◆ **Recorded data**:
----------------------------------------
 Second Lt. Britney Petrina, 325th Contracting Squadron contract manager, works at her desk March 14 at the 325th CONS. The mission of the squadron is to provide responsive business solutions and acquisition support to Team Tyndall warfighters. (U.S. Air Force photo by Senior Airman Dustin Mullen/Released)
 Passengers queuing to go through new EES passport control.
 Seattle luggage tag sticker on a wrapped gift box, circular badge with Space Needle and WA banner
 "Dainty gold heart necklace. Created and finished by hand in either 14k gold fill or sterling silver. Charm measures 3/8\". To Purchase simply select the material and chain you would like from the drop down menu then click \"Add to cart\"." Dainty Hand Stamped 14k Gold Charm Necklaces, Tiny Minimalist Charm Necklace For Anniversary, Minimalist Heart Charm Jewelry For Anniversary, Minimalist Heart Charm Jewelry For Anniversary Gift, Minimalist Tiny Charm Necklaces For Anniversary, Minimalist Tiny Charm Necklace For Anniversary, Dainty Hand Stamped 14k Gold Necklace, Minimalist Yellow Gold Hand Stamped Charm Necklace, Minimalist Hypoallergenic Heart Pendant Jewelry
----------------------------------------
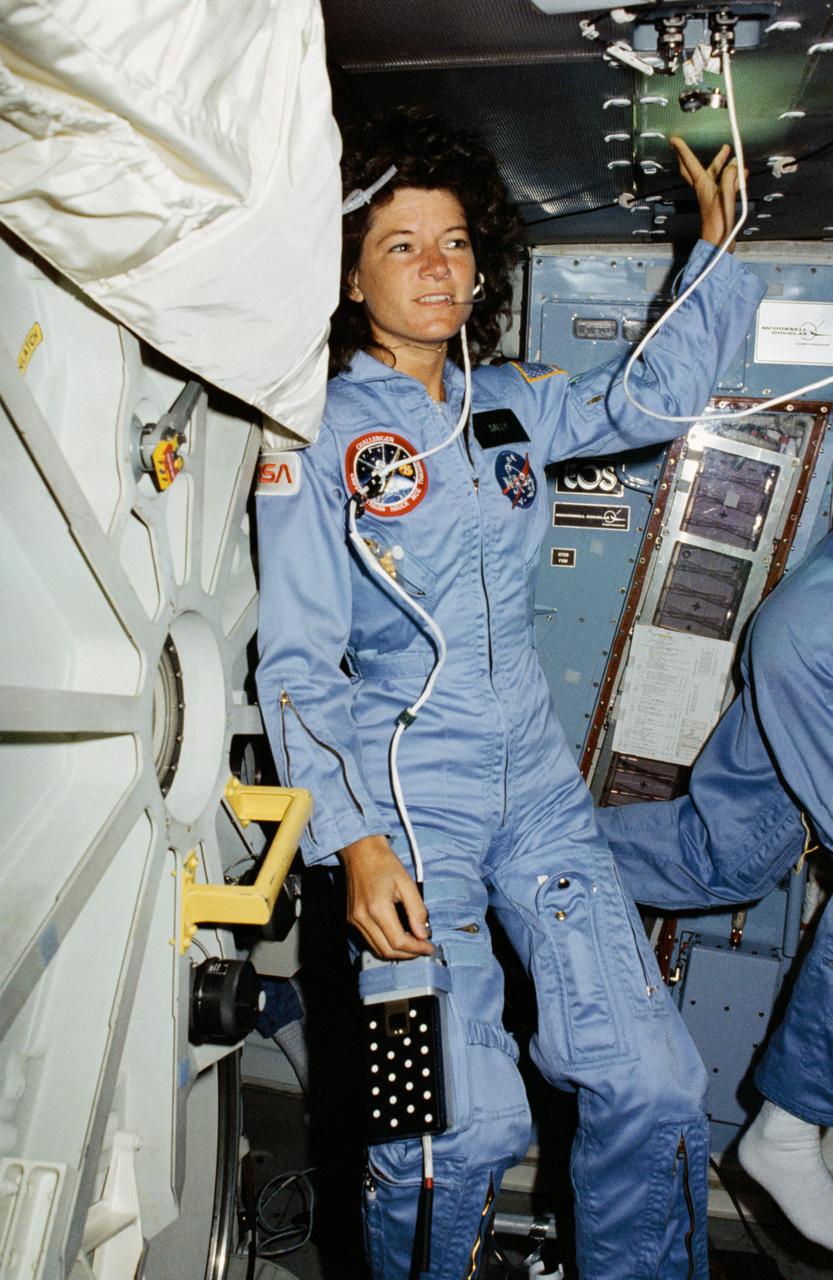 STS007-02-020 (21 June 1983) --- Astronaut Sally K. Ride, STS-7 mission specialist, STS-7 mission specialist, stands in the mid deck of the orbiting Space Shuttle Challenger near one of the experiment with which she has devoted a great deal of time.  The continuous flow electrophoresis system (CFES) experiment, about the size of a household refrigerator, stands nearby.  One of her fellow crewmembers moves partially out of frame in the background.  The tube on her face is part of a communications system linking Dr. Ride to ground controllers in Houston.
----------------------------------------
◆ **Exercise objective**:
All that belongs in your answer is the stretch of entries above from the line with "Seattle luggage tag" through the line with "Heart Pendant Jewelry", printed exactly.

◆ **Answer to this exercise**:
 Seattle luggage tag sticker on a wrapped gift box, circular badge with Space Needle and WA banner
 "Dainty gold heart necklace. Created and finished by hand in either 14k gold fill or sterling silver. Charm measures 3/8\". To Purchase simply select the material and chain you would like from the drop down menu then click \"Add to cart\"." Dainty Hand Stamped 14k Gold Charm Necklaces, Tiny Minimalist Charm Necklace For Anniversary, Minimalist Heart Charm Jewelry For Anniversary, Minimalist Heart Charm Jewelry For Anniversary Gift, Minimalist Tiny Charm Necklaces For Anniversary, Minimalist Tiny Charm Necklace For Anniversary, Dainty Hand Stamped 14k Gold Necklace, Minimalist Yellow Gold Hand Stamped Charm Necklace, Minimalist Hypoallergenic Heart Pendant Jewelry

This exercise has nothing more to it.